The Insight You Already Have

Most companies contain the insights they’re paying consultants to discover. They exist in the customer service team, which has been listening to customer complaints for years and has detailed, specific knowledge of what goes wrong and why. They exist in the sales team, which knows exactly how competitors are perceived and what objections come up in every conversation. They exist in the product team, which knows which features get used and which ones were built for a persona that turned out to be fictional (see: Jennifer).

This knowledge doesn’t get elevated to “strategic insight” because it comes from inside the organization, because it’s messy and specific and sometimes contradicts the official narrative, because it requires listening to people who are not senior enough to have opinions that count. The external consultant’s version of the same knowledge, repackaged in a framework and delivered on slide 23, becomes the strategic direction for the next three years.

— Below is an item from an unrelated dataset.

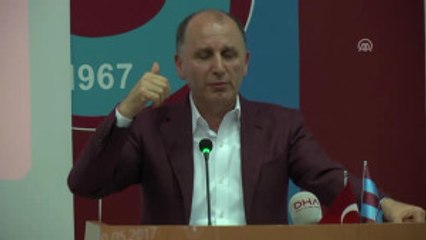 Trabzonspor'un 39. Olağan Divan Genel Kurul Toplantısı (2)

There is a version of external strategy work that is genuinely valuable: bringing a perspective that the organization can’t generate internally due to proximity, ego, or politics; structuring a decision-making process that moves faster than internal dynamics allow; providing the political cover that sometimes allows good ideas that already existed to finally be acted upon. That version exists. It is surrounded, in the market, by a much larger volume of expensive restatements of the obvious.

The Test Worth Running

Before commissioning the next strategy project, try this: ask your customer-facing teams to write down what they know about why customers buy, why they leave, and what they wish the product or service did better. Read it carefully. Compare it to what the strategy deck will cost. Ask whether the gap in understanding justifies the investment, or whether the investment is mostly buying confidence and a good-looking deck to show the board.

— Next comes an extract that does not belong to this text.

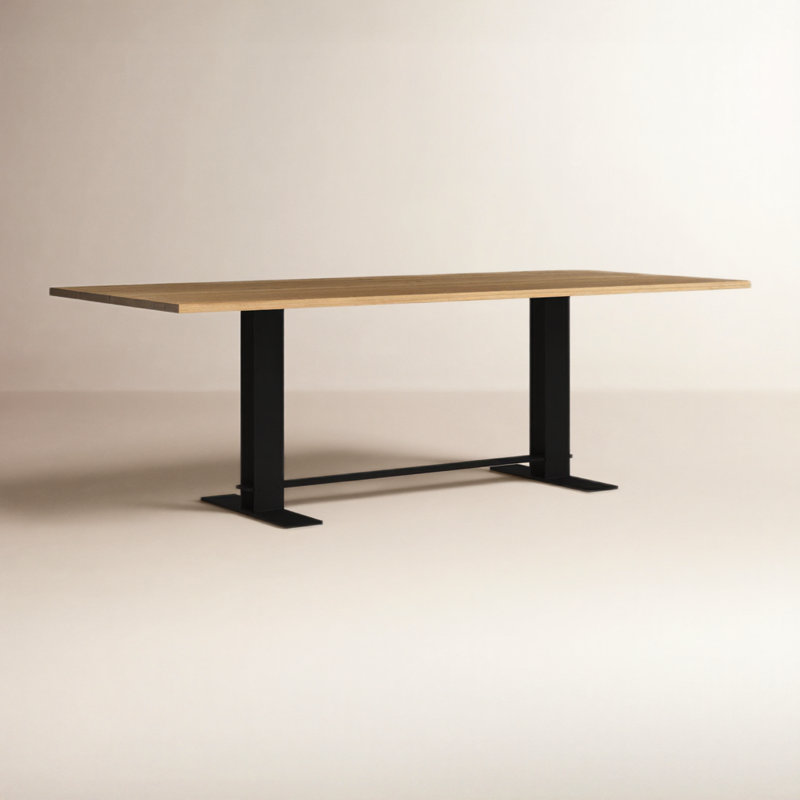 Massimo Solid Oak Dining Table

Sometimes the answer will be: yes, we genuinely need external perspective here. Often the answer will be: we need to listen to our own people better. Neither answer requires slide 23. The NoBriefs shop sells, among other things, the reminder that the most important things in marketing are usually obvious — what’s rare is the courage to act on what you already know. The Spreadsheet Sloth has sat through that deck. It did not change his life. It did not need to.